Experimental prostate treatments could offer relief from conditions

18th May 2011

The findings of new research have shown that prostate treatments involving a specific alpha blocker could help reduce symptoms and improve quality of life for men with prostate conditions.

Researchers at the Kingston General Hospital in Canada found that silodosin, which works by selectively relaxing the muscles in the bladder neck and prostate, was particularly effective in relieving the symptoms of chronic prostatis (CP) and chronic pelvic pain syndrome (CPPS).

Sixty per cent of men tested reported feeling better after they had been treated, compared with 30 per cent of men who had been given a placebo.

Lead researcher Curtis Nickel said: "Antibiotics are commonly used as treatment, but are not typically effective, probably because CP/CPPS does not seem to be caused by a bacterial infection."

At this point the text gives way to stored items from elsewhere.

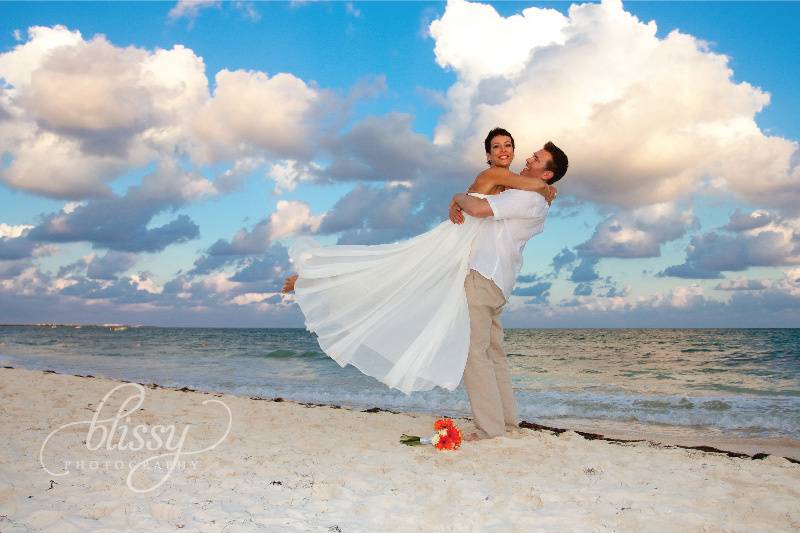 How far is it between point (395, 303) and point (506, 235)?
1196 millimetres

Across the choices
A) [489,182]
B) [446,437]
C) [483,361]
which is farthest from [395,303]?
[489,182]

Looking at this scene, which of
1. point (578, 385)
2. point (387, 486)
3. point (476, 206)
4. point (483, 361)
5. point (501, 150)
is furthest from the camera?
point (578, 385)

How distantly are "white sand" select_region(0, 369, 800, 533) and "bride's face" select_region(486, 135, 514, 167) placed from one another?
8.38 feet

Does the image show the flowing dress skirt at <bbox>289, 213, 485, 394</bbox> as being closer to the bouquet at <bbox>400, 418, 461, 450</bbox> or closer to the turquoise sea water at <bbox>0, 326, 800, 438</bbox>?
the bouquet at <bbox>400, 418, 461, 450</bbox>

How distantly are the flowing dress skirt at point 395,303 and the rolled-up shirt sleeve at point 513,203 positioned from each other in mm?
378

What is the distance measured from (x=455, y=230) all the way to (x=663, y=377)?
48.6 feet

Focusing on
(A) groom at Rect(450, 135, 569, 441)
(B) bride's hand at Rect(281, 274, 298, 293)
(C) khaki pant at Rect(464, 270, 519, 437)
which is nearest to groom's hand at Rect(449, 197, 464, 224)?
(A) groom at Rect(450, 135, 569, 441)

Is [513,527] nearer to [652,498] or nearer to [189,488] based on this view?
[652,498]

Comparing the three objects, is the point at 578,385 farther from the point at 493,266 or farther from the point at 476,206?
the point at 476,206

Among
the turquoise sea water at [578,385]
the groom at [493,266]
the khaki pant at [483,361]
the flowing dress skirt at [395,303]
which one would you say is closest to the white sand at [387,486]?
the khaki pant at [483,361]

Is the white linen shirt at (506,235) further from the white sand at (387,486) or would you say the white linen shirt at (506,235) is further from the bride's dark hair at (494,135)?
the white sand at (387,486)

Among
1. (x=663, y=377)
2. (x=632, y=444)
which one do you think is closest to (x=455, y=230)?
(x=632, y=444)

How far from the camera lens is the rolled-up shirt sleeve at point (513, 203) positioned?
5152mm

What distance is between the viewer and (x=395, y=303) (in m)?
5.53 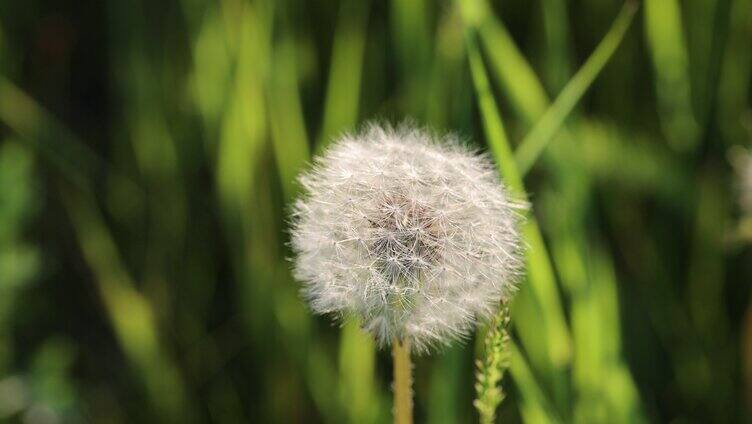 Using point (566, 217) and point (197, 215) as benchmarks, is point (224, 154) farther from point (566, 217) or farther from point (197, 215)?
point (566, 217)

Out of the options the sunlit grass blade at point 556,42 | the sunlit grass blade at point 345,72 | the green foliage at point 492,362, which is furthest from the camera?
the sunlit grass blade at point 345,72

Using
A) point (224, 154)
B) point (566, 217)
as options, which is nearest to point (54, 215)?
point (224, 154)

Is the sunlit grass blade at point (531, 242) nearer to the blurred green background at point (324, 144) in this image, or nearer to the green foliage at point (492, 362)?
the blurred green background at point (324, 144)

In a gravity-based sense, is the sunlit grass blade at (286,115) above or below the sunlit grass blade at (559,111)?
above

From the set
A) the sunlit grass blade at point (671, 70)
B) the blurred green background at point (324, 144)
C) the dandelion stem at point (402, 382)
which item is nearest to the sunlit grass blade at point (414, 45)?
the blurred green background at point (324, 144)

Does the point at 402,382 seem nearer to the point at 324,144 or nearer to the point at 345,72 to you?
the point at 324,144

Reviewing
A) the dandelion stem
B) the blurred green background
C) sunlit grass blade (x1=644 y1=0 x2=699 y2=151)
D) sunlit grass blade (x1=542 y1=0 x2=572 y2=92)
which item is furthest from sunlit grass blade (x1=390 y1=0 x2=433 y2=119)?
the dandelion stem

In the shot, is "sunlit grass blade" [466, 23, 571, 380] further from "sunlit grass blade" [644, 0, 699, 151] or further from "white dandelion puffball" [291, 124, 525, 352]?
"sunlit grass blade" [644, 0, 699, 151]

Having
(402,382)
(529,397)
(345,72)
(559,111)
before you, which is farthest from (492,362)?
(345,72)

CP/CPPS is thought to be one of the most common conditions afflicting the prostate. It is characterised by persistent discomfort in the lower pelvic area with severe symptoms, including painful and frequent urination and difficult or painful ejaculation. The cause of the condition is unknown.

Chronic pelvic pain syndrome is thought to affect around nine per cent of all post-pubescent men.

Posted by Philip Briggs

Nickel, J Curtis et al. " Silodosin for Men With Chronic Prostatitis/Chronic Pelvic Pain Syndrome: Results of a Phase II Multicenter, Double-Blind, Placebo Controlled Study." Journal of Urology. 16th May 2011.